# Help! Tank stuck on mod



## RipeAvo (6/5/15)

Hey guys,

sooo... my kanger aerotank giant is stuck on my chi you mod clone.
I am so fed up of attempting to get it off, I have cut my hands open and I'm pretty much ready to throw it in the trash.

I have tried pliers, spanners, elastic bands etc etc...

Am I missing something or is it time to give up? 
Any help will be much appreciated


----------



## Riaz (6/5/15)

Don't throw in the trash just yet. 

Remove the battery from the mod, then place the entire thing in hot water for a few mins, then try again. 

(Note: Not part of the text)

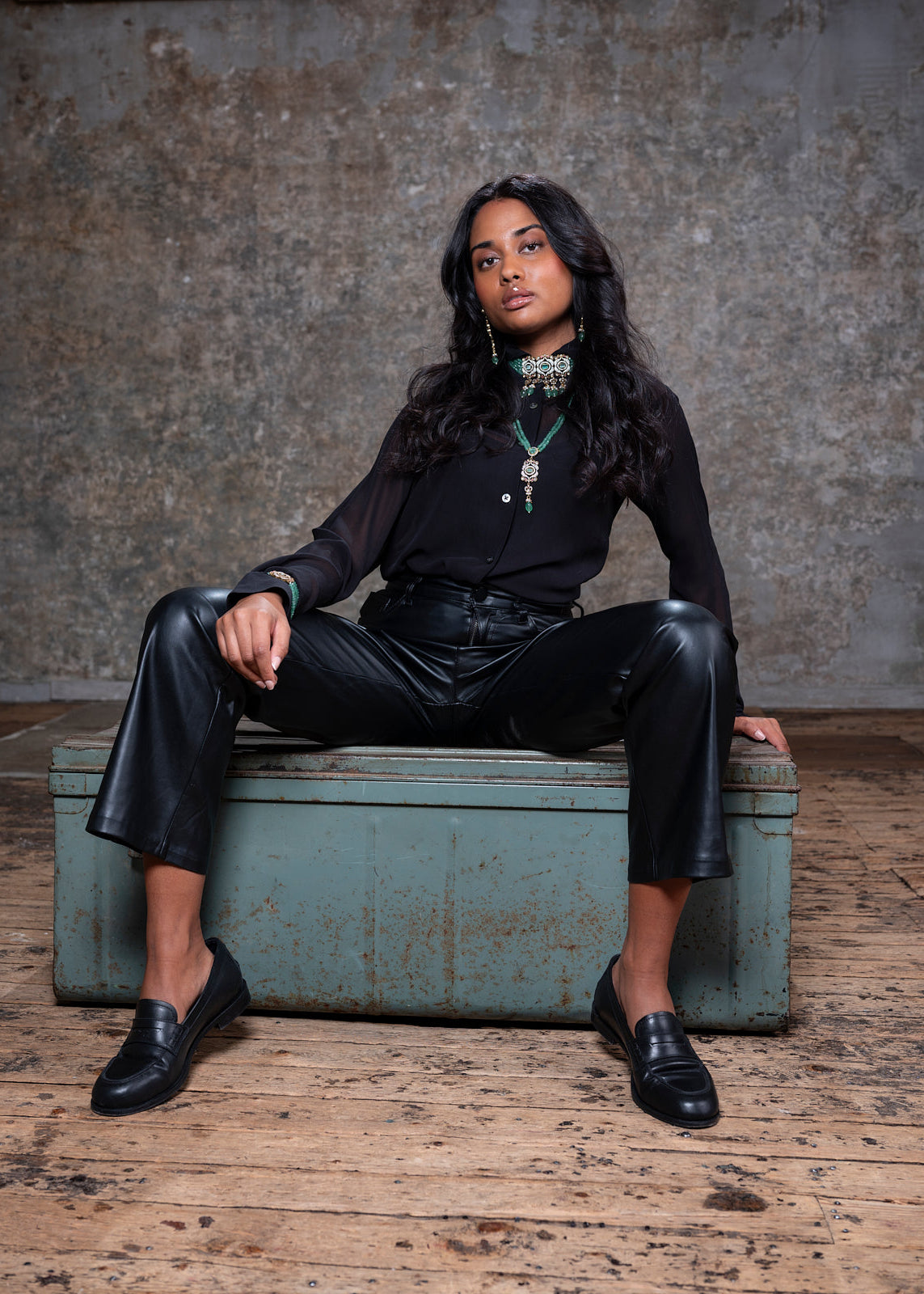 Person wearing a black outfit sitting on a rustic wooden bench against a textured wall.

If you have a micro fibre cloth (coz its got good grip) wrap that around the tank then turn the mod, or vice versa. 

Let us know how it goes.




Sent from my iPhone using Tapatalk

Reactions: Like 1


----------



## Riddle (6/5/15)

Elastic bands always do the trick for me.

Reactions: Informative 1


----------



## BumbleBee (6/5/15)

Remove battery and chuck it in the freezer, let it chill in there for a while and give it a firm knock. That should break the thread lock.

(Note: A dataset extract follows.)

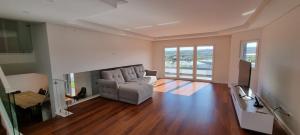 a living room with a couch and a fireplace at Villa Lina in Lourinhã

Reactions: Agree 2 | Informative 1


----------



## RipeAvo (6/5/15)

Thanks guys! Will let you know how it goes.

Reactions: Like 1


----------



## The eCigStore (7/5/15)

Spray Q20


----------



## Alex (7/5/15)

Rubber Gloves, the ones used for washing dishes.

Reactions: Like 1 | Agree 1


----------



## Marzuq (7/5/15)

Riaz said:


> Don't throw in the trash just yet.
> 
> Remove the battery from the mod, then place the entire thing in hot water for a few mins, then try again.
> 
> ...


@Riaz i think hot water will make the metal expand making it tighter. 
@BumbleBee suggestion about sticking it in the freezer might work.

Reactions: Agree 1


----------



## Smoke187 (7/5/15)

The freezer trick always worked for me, even with the kayfun and aerotank when they used to get stuck together.


----------



## BumbleBee (7/5/15)

Marzuq said:


> @Riaz i think hot water will make the metal expand making it tighter.
> @BumbleBee suggestion about sticking it in the freezer might work.

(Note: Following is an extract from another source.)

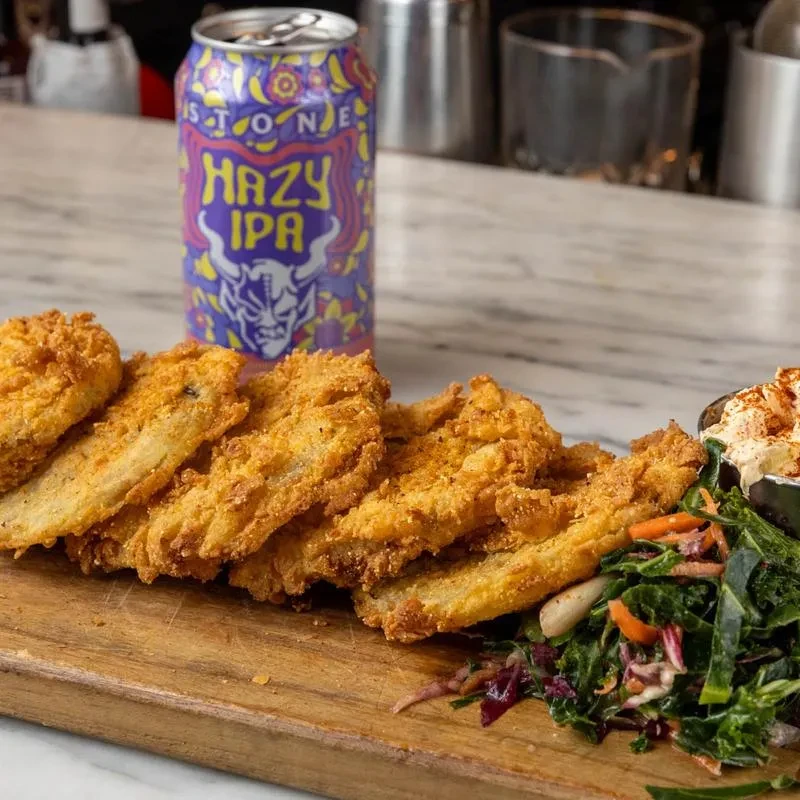 Close-up of fried food, side salad, dip, and Stone Hazy IPA beer.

I'm wondering if the hot or cold methods don't work then maybe try them both, stick in freezer then drop in hot bath, or visa versa.


----------



## baksteen8168 (7/5/15)

BumbleBee said:


> I'm wondering if the hot or cold methods don't work then maybe try them both, stick in freezer then drop in hot bath, or visa versa.



Correct me if I am wrong, but wont this extreme cold to extreme hot crack the glass tank? (just thinking here)


----------



## BumbleBee (7/5/15)

baksteen8168 said:


> Correct me if I am wrong, but wont this extreme hot to extreme cold crack the glass tank? (just thinking here)


You may be right @baksteen8168, the metal bits might come apart with the expanding and contracting but the glass would almost certainly shatter.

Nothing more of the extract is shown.